マスコットと並んで写真とか強要したら…すごく照れてくれたりしちゃう、かな…!?悶。
「…何から行く?とりあえず…これか?」
…ジェットコースター。
『…今日は、遠慮しておくわ…。』
「…ならば、これはどうだ?」
お化け、屋敷…。
『…フフ、異界ではお化けなんてありふれているから…。』
「そうか、ならば行けるな?」
『…やっぱり、そこも遠慮させて頂こうかしら。』
「…。」
『…。』
…うん、私がほとんど乗れない、って事…忘れてたよね。
それでも魔女の設定だけは崩さずに、と頑張るけれど、
「…どれなら、乗れるのだ…?」
そう目線を合わせるように軽く屈んで聞いてくる彼の表情が、見た事もない程に柔らかくて…まるで小さい子に接する時のそれのようで…。
(うう、また主導権がっ…。)
目的からどんどん離れているような気がするけど…
せっかく来たんだし…何も乗らないっていうのもな…。
うーん…ちょっと、魔女の設定には合わないけど…
『…コーヒー、カップ…に、乗ってみたいわ。』
「…解った、征くぞ。」
一応、口調だけは魔女のままに言ってみれば、
嫌な顔なんて少しもしないで、応えてくれる田中くん。
(…これは今の設定があるからかな、それとも元々、なのかな…。)
――
…結局、彼の優しさに甘えて、わがまま放題は尽くしたのですが…。
メリーゴーランドやらミラーハウスやら、平和なアトラクションばっかりだったからか、いまいち困らせられなくて…。

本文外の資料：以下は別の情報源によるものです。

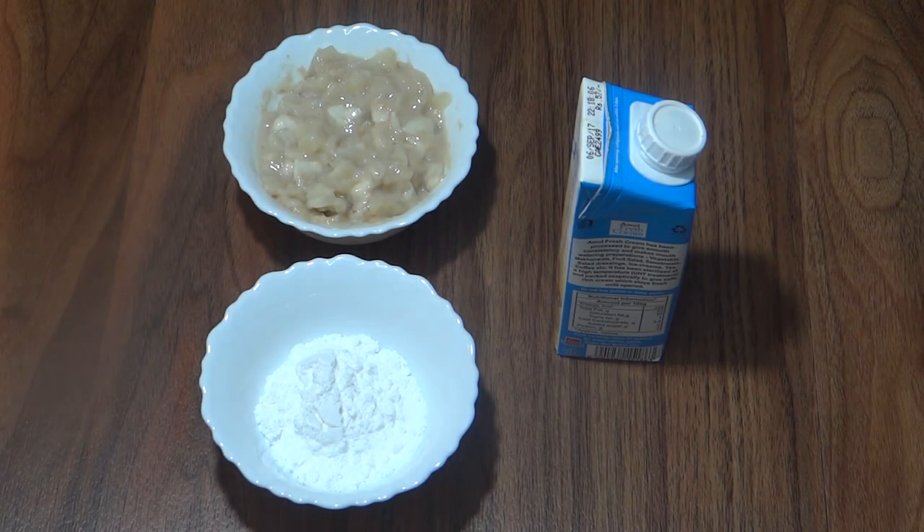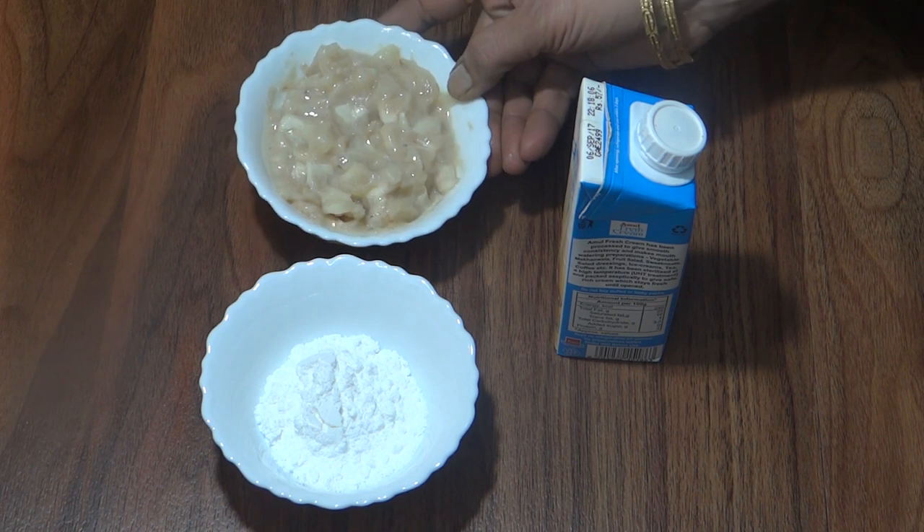Hello friends, welcome to Mina Cooks. Today we will make a famous sitaphal cream in the house. I am going to make a cup of sitaphal cream.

久しぶりの遊園地だったのもあって、途中から私も思いっ切り遊んじゃったし…むしろ彼の方が私の保護者のようだった気も致します…。
例のマスコットキャラとの2ショット写真だって、バッチリ決めポーズで写られちゃったし…。
(…ああ、彼のカメラ目線っぷりを完全に忘れてました…。)
相手が誰とか、関係なかったのですね…。
それでもマスコットと並んで写ってる田中くん、ていうだけでもちょっとシュールで可愛い、かも…。
戦隊ヒーローと写真を撮った時のゆうくんばりに、すごくいい笑顔で本当に楽しそうだし…。
…うん。
これはどうにも姉心を擽られる素敵な写真なので…手元に残しておく事に致しましょう。
――
…遊園地も私の力足りずでほとんど失敗に終わりましたが…
次、次こそ、本命です。
田中くんが油断してる隙に触れる…
これをついに、決行です。
…設定上、やっぱり怒るかな?
でも流石に焦って、真っ赤になっちゃったり、して…!!悶。
よしっ!行くのです、私!!
『…次は…少し疲れたし、休みたいわ…。
それに…癒しも欲しいところね。』
…外で田中くんに触れる、というのはなんとなく人目が憚られるので(彼の設定もあるしね)室内への移動をさりげなく提案。
「…ああ、良いが…癒し、とは…何だ?」
ん、良いところに気が付きましたね!
素直に聞いてくる田中くんの弟感に少し耐えながら、
『…フフフ、貴方の四天王ちゃんにもお持て成しされたいと思って。』
引き続き、魔女として要望要求、です。
それを受ければ、そういう事か、と納得してくれたらしい田中くん。
…が、先に歩き出していく。
(…?
私まだ、行き先…言ってないけど…。)
――
いつもの癖で思わず付いてきてしまったけど、
あれ、また主導権握られてない…?
そう思った頃には、田中くんのコテージ前でした。
(…なるほど、自分のコテージにご招待、というお持て成しですね。)
これは予想外だったけれど、意外と好都合かもしれません。
彼も自分の部屋なら油断しやすくなるかも、だしね!
うんうん、とクエストの成功率UPに満足していれば、
「…入らんのか?」
彼が扉を開けて待ってくれていて、
『…お、お邪魔するわ…。』
慌てて中へと入っていく。
そして同時に、
ガチャ、としっかり施錠がされる音も響いたけれど、
彼の性格もあって、全然気にも留めませんでした。
――
初めて入る彼の部屋を一頻り見て回って。
…何かあれば、と思ったけど…
よく解らない魔道具?魔道書?なんかがあるだけで、彼が困りそうなものは見付からず…。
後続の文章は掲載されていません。